What would it cost us citizens of Washington to start cap-and-trade now with a 1 percent reduction in CO2 emissions? Fifty cents each.
The Washington state legislature
scrapped a plan to impose and cap and trade program due to the downturn in the economy.
Both the state House and Senate have balked at adopting the so-called "cap-and-trade" system that would have forced industries to cut greenhouse-gas emissions to fall below a cap or buy extra permits in something resembling a stock market.
While a climate-change bill passed in the Senate and is headed for the House, it bears little resemblance to the comprehensive legislation Gregoire unveiled at a January news conference.
When it comes to climate change, "absent the governor pulling a rabbit out of the hat, cap-and-trade is dead as a doornail," Traisman said.
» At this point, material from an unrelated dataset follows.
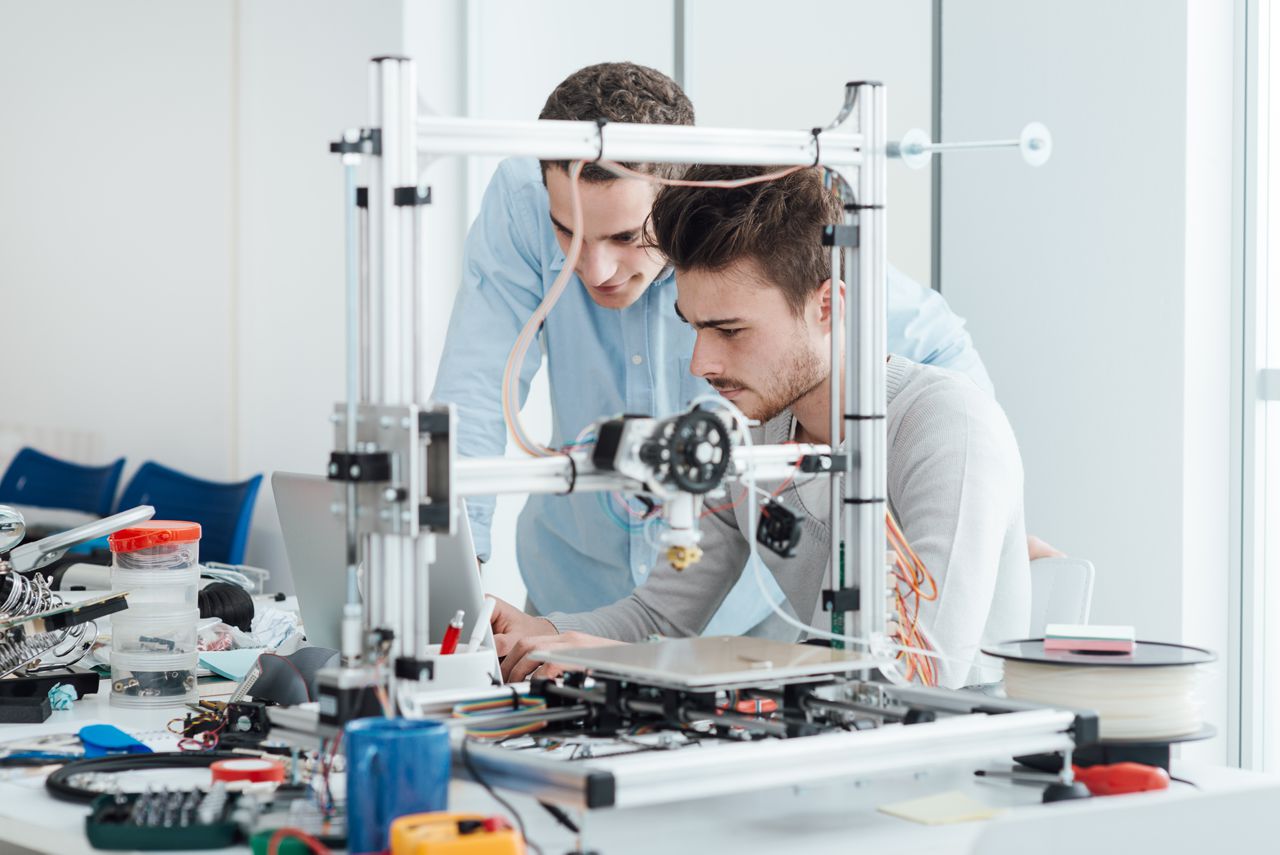 young-researchers-and-3d-printer-PHP3QEH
It's probably a good thing. Even with all the problems his administration has had thus far, it has not stopped his aggresive governmental agenda which includes
a nation wide cap and trade system.
If we have learned anything so far from the Obama team it's the fact that Chicago style politics weilded in the White House are no different then those in Chicago. Power and money are the goals, and poiticians along with their peeps are the winnners. So who wins the power and money in the cap and trade business? We will probably soon find out. One thing for sure, it won't be the consumer.